En el marco de este histórico suceso, durante el periodo de verano algunas de las y los estudiantes que participamos en el Proyecto de Aplicación Profesional (PAP) del Observatorio Legislativo del ITESO, nos dedicamos a desarrollar un instrumento que permita transversalizar la perspectiva de género y la perspectiva racial en la metodología utilizada por el Observatorio.

En un inicio el proyecto se enfocaría en aplicar la perspectiva de género para reducir las brechas de desigualdad,sin embargo pronto fue notorio que si queríamos hablar de igualdad también era necesario hablar de racismo.

El 2020, fue un año de suma importancia para el movimiento antirracista en el mundo, el injusto asesinato de George Floyd en Estados Unidos a manos de un policía desató una serie de protestas y discusiones alrededor de las desigualdades provocadas por el racismo. En Jalisco, durante el mismo año Giovanni López fue asesinado por policías al ser detenido por no portar un cubrebocas, su muerte ocurrió dentro de un sistema opresor y discriminatorio que, en México, asocia características étnico-raciales con socioeconómicas.

Todas y todos hemos escuchado alguna vez decir que “México no es racista, es clasista”, sin embargo México sí es racista, múltiples estudios realizados por instituciones como el Colegio de México y Oxfam demuestran que en nuestro país la discriminación étnico-racial no se da simplemente por el tono de piel, sino que el factor socioeconómico se entreteje con características físicas y culturales que dan paso a una doble discriminación, una en la que se asocia el color de piel con el estrato socioeconómico y con actividades particulares de una “clase social”.

Ya que el racismo en México es un problema institucional y estructural, gestado a través de la historia y fuertemente imbricado en los tejidos de las instituciones, para combatirlo es necesario ir un paso más allá del reconocimiento de la igualdad y generar políticas públicas que permitan desmontar las prácticas que reproducen la inequidad racial.

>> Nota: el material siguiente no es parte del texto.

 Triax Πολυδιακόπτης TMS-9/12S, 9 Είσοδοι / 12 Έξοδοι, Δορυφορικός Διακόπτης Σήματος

Es urgente que desde el poder legislativo se trabaje para eliminar las desigualdades históricas causadas por el racismo, que se manifiestan en disparidades en materia de ingreso, riqueza, presencia mediática y participación política. El congreso tiene el deber de promover medidas de nivelación y acciones afirmativas que permitan saldar la deuda histórica con las personas racializadas.

Desde la sociedad civil, es apremiante que escuchemos, aprendamos y reconozcamos el rol que jugamos en la reproducción de las desigualdades causadas por la discriminación étnico-racial. Así como es alarmante que en el Congreso se espere que sean las mujeres quienes promuevan la equidad de género, es inquietante que la lucha antirracista nos sea indiferente cuando somos parte de la reproducción del problema.